We got a chance to try out a preview of Street Fighter 6 at Capcom’s booth at the Tokyo Game Show 2022 and needless to say, it was a good time all around.
We were able to try out two characters: All-American Guile and the deliciously deadly Juri. Here’s what we thought about these characters before we talk about the game overall.
It should be noted that Street Fighter 6 has two control schemes: classic which plays like traditional Street Fighter with six buttons and ‘modern controls’ which streamline the inputs and move to work with four buttons.
Everyone’s favorite family man returns. We played with the classic control system, and like a good old-fashioned home-cooked meal, Guile plays more or less as he always has. He’s still a very technical fighter, using charge inputs to do flash kicks and sonic booms.
With that being said, his super commands can be pretty scary. He uses technical inputs like charge back, forward, back, and forward to do supers which is pretty complicated compared to supers in other modern fighting games. It’s all worth it though for the mass amount of damage it causes. Guile’s flash kicks hit as hard as ever.
One thing we’re particularly impressed with is the buttons which feel very responsive. I’ve always had trouble timing sensitive charge moves like the flash kick but I found it pretty natural to pull it off in part thanks to how smooth the Dualsense controller input was. There are three different versions of the kick, each doing more damage but also leaving you open to attack for longer. As always, it’s up to you to strategize which one to bring out at the right time.
Parries and dash cancel, on the other hand, were actually a lot harder than I thought using the controller.
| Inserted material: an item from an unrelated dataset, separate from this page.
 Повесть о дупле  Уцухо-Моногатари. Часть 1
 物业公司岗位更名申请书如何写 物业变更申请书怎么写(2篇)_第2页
Getting the timing of the parries right in particular could be tricky to get right. It may be easier on an arcade stick though.
Juri’s pretty infamous for being a popular character with a high execution barrier meaning she’s not played as often. This is very much still the case in Street Fighter 6. Juri may have a wild personality but is very precise in gameplay. It’ll take a lot of time to learn her skills properly.
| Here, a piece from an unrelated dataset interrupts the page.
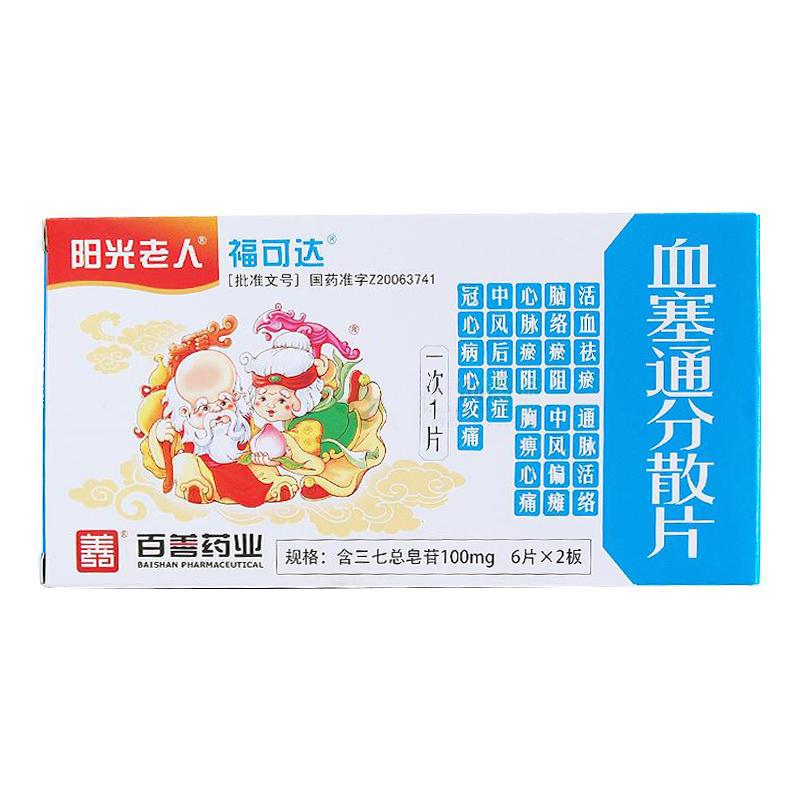血塞通分散片(?？蛇_)包裝縮略圖1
As you can imagine we had a bit of trouble using her in battle with classic controls. Most characters have a natural flow to get into them but we couldn’t find it with the Taekwondo master.
She was a little easier with modern controls though. The new control system makes her inputs simpler to execute which removes that initial barrier of difficulty. That’s not the say that this makes her (or any other modern control character) require less skill to use. Any pro player will tell you that knowing how to input a Shoryuken is nowhere as important as knowing when to throw one.
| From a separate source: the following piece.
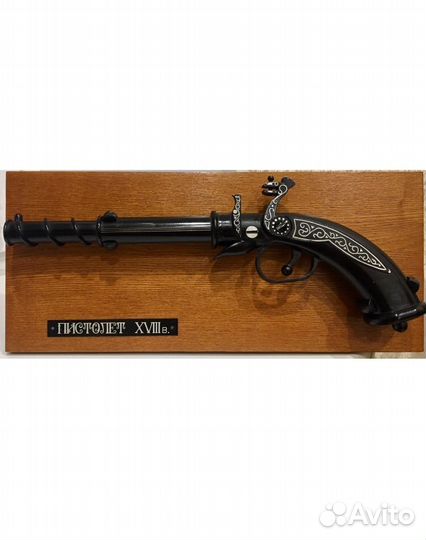 Настенный сувенир из СССР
The one-your-toes strategy is still very much at play, it’s just that modern controls make moves easier to pull off by streamlining more complex inputs.
Settling It In The Streets
It’s been said before but Street Fighter 6 looks beautiful. I was a little worried when I heard it was using the RE Engine since I couldn’t really see the Street Fighter characters with “realistic” designs but it actually worked out well. Despite being able to see the pores on their faces, the characters still have that chunky cartoon-like look you’d expect from the series.
While many fighting games have attempted to include more beginner-friendly control schemes to get newcomers into the genre, I do think there’s something unique about Street Fighter 6’s modern controls.
They don’t make the game easier as much as they do more approachable. They allow newcomers (likely using four-button regular controllers) to get over the hurdle of learning inputs and instead focus on learning the real fighting game fundamentals: controlling neutral space, combos, mix-ups, and the rest.
We were very much satisfied with what we saw in the preview of Street Fighter 6 and can’t wait to see what the full version has in store.
Street Fighter 6 will release for the PS4, PS5, Xbox Series X|S, and PC in 2023. The pictures used in this article were taken from the Street Fighter 6 Official Website.